Selain pengamanan arus mudik, pemerintah daerah juga menyoroti kondisi infrastruktur jalan. Syamsurizal menyebut masih terdapat sejumlah ruas jalan rusak serta minimnya lampu penerangan jalan.

Ia meminta Dinas Pekerjaan Umum dan Penataan Ruang (PUPR) segera mempercepat pemeliharaan jalan, terutama pada jalur-jalur utama yang sering dilalui masyarakat.

“Jalan yang berlubang atau rusak akan mengganggu kenyamanan dan keselamatan pengguna jalan serta kelancaran arus mudik. Kami minta segera dilakukan perbaikan,” katanya.

Sementara itu, Kepala Badan Pusat Statistik Kabupaten Siak, Nugroho Imam Darotdjat, menyampaikan bahwa kondisi inflasi di daerah tersebut secara umum masih relatif terkendali.

Menurut dia, berdasarkan pemantauan Indeks Harga Konsumen oleh Tim Pengendalian Inflasi Daerah (TPID) bersama BPS dan Dinas Komunikasi dan Informatika Siak, inflasi bulanan masih tergolong rendah.

Namun, secara tahunan dari Februari hingga Maret 2025 ke periode yang sama pada 2026, inflasi tercatat sekitar 3,23 persen sehingga menjadi perhatian karena sedikit melampaui sasaran inflasi nasional.
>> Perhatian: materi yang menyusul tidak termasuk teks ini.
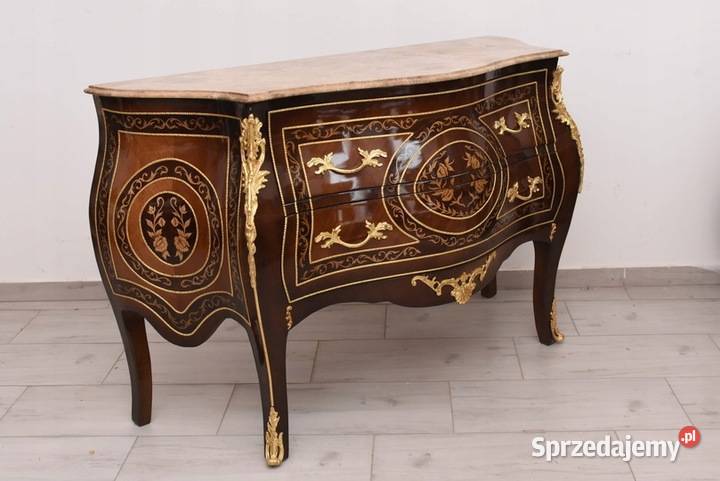 Królewska Drewniana Komoda Inkrustowana Szafa Meble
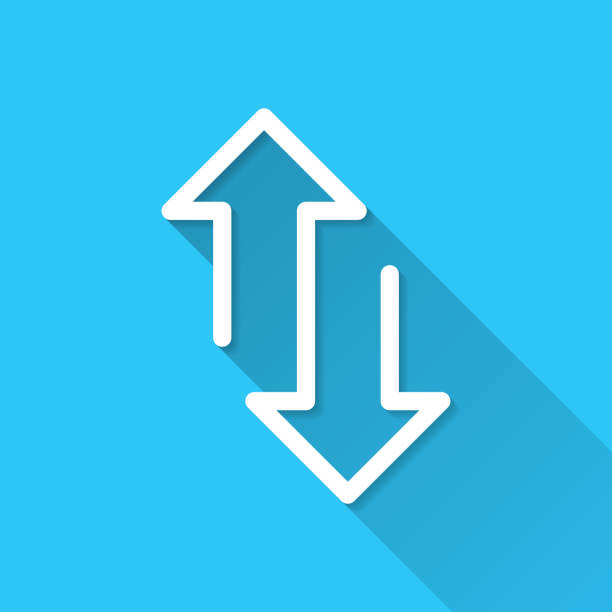 Up and down transfer arrows. Icon on blue background - Flat Design with Long Shadow White icon of "Up and down transfer arrows" in a flat design style isolated on a blue background and with a long shadow effect. Vector Illustration (EPS10, well layered and grouped). Easy to edit, manipulate, resize or colorize. Vector and Jpeg file of different sizes. moving down stock illustrations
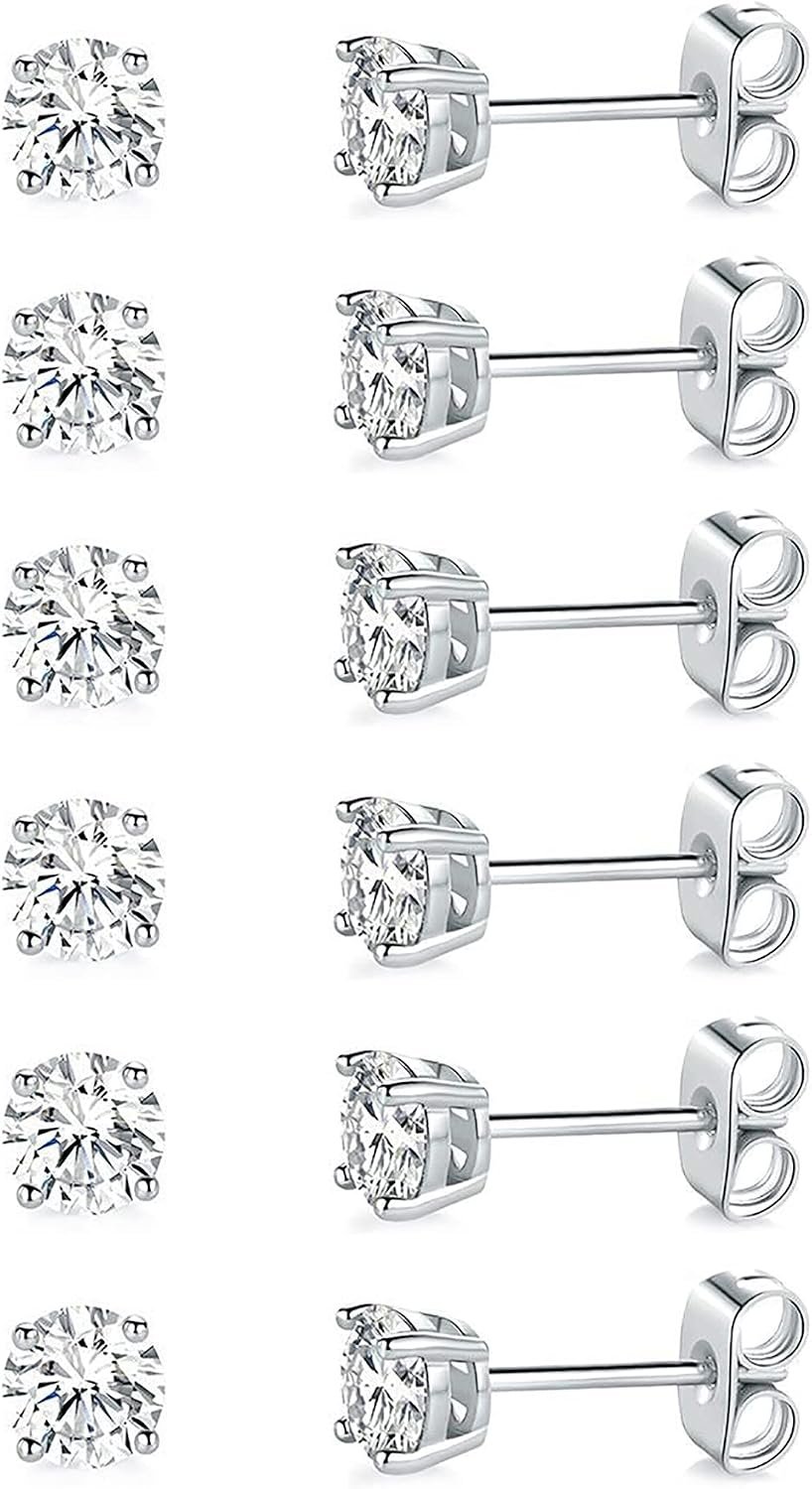 MDFUN Stud Earrings for Women Hypoallergenic Cubic Zirconia Earring 3-8MM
Beberapa komoditas yang berpotensi memicu inflasi di Kabupaten Siak antara lain daging ayam ras, cabai merah, tomat, ayam hidup, dan emas perhiasan.

Meski demikian, ia menyebut ketersediaan beras masih mencukupi dan harga kebutuhan pokok relatif stabil.

“Stok bahan pangan secara umum masih relatif aman. Namun beberapa komoditas seperti bawang merah, cabai merah, cabai rawit, telur ayam ras, dan daging ayam ras tetap perlu diwaspadai,” kata Nugroho.(Inf).